The homography transformation has the following form where H is a 3x3 matrix with the last element i = 1 and 8 degrees of freedom.

To recover the homography, it can be shown from algebra that the homography can be solved be solving the following linear equation, where the vector h includes the 8 elements and can be reshaped to our homography matrix.

Image Rectification

One of the application of homography is image rectification. I chose four corners of the input image and forcing them to be parallel in the new image by selecting the corresponding position of the four corners in the new image. After that, I can compute the homography and warp the original image to the new rectified image. The following are examples of image rectification.

Mosaics

Finally for image mosaics, we can take two or more photographs of the same scene with slightly overlapping field of views by rotating the camera about the center of lens without shifting. To achieve the goal, I selected 15 corresponding points between each of the two images and created a blank background with the center image in the middle of the background.

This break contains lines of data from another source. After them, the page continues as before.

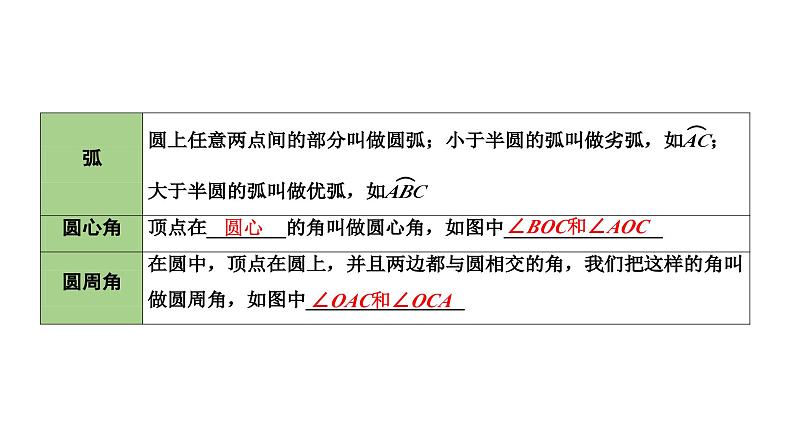 2024海南中考数学二轮重点专题研究 第25课时  与圆有关的计算（课件）05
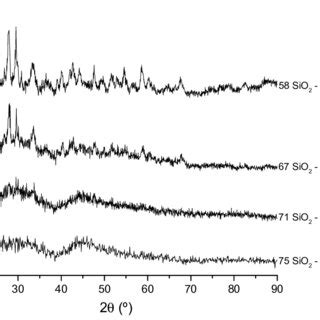 X Ray Diffraction Patterns Of Sol Gel Derived Yb Doped Aluminosilicate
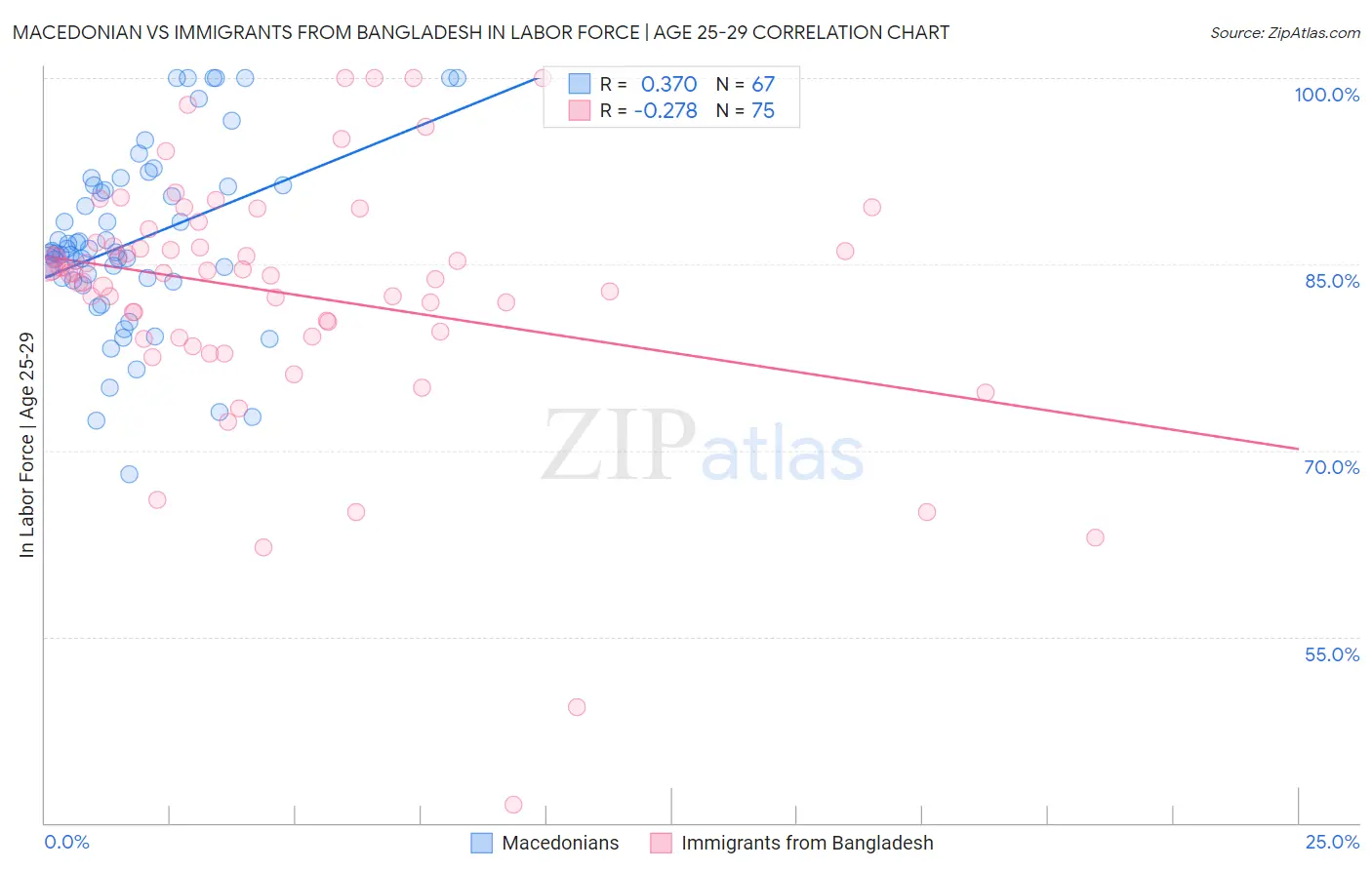 Macedonian vs Immigrants from Bangladesh In Labor Force | Age 25-29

Then, I compute the homography transformation of the left image so that its corresponding points can be matched with the points in the center image. Finally, I find the overlapping area between the two images and created a linear mask to blend the two images together to produce the mosaics.

The following are three examples using the techniques mentioned above to create image mosaics.

Example 1

Example 2

Example 3

Conclusion

The lesson I’ve Iearned from the project is that linear algebra is powerful in solving the transformation matrix and creating different effects of manipulating images. I’ve also noticed the difficulty when manually selecting the correspondence between images and I’m excited for the next part of the project for automatic alignment.

Part B

In the second part of the project, I created a system for automatically stitching images into a mosaic. The whole process includes detecting corner features in the image, extracting a feature descriptor for each feature point, matching these feature descriptors between two images, using a robust method (RANSAC) to compute a homography and finally proceed as in previous part of the project to produce the mosaic.

Harris Corners

I first start with Harris Corner Detector to detect corners in an image in order to extract features of the image. I applied Harris Corner Detector which finds corners in an image or where gradient in both x and y direction are both larger. Here are the results of Harris corners detected for the image.

Adaptive Non-Maximal Suppression

As we can see, Harris Corner Detector find too many points for each image . To restrict the number of interest points in each image, I implemented the adaptive non-maximal suppression algorithm to keep a subset of point that are evenly distributed on the canvas. For each Harris corner, I find the compute the minimum radius to the next corner such that the corner strength for the new point is larger than the corner strength of the original point multiplied by 0.9. I took 200 points with the largest minimum radius and here are the results of 200 points selected after adaptive non-maximal suppression for each image.

Feature Descriptor Extraction and Feature Matching

For each pass corner left after Adaptive Non-Maximal Suppression, I extract a 40x40 patch centered at the Harris corner. Then, I applied a Gaussian filter and downsample it to 8x8 patch to eliminate high frequency details. After that I computed the SSD as the distance between two patches, which is the squared norm of the difference of two patches. I use the ratio of distance to the first nearest neighbor and distance to the second nearest height, 1-nn/2-nn as matching score and consider two patch to match if the score is above threshold of 0.5.

Random Sample Consensus (RANSAC)

The feature matching still results in several errors. In order to improve this, I implemented the RANSAC algorithm. At each iteration, I selected four pairs of feature points at random and compute the homography. Then I applied the homograph to all points and compute the inliers where the SSD is less than ε(2 in my case). After that, I kept the largest set of inliers and recompute the SSD error between them and the real matching points. I ran 1000 iterations and keep the homography where there are maximum number of inliers. Here are some matching results after RANSAC.

Comparing the results

After getting the correspondence between images, we can use the same method in part A to warp images to mosaics. Here are the results of comparing automatic and manual image alignment.

What I Learned

The most interesting part I’ve learned from the project is the process of feature extraction and matching. I’m also surprised to see so many cool applications of homography and how simple ideas like Euclidean distance, randomness can be used together for our implementation of the cool mosaics application.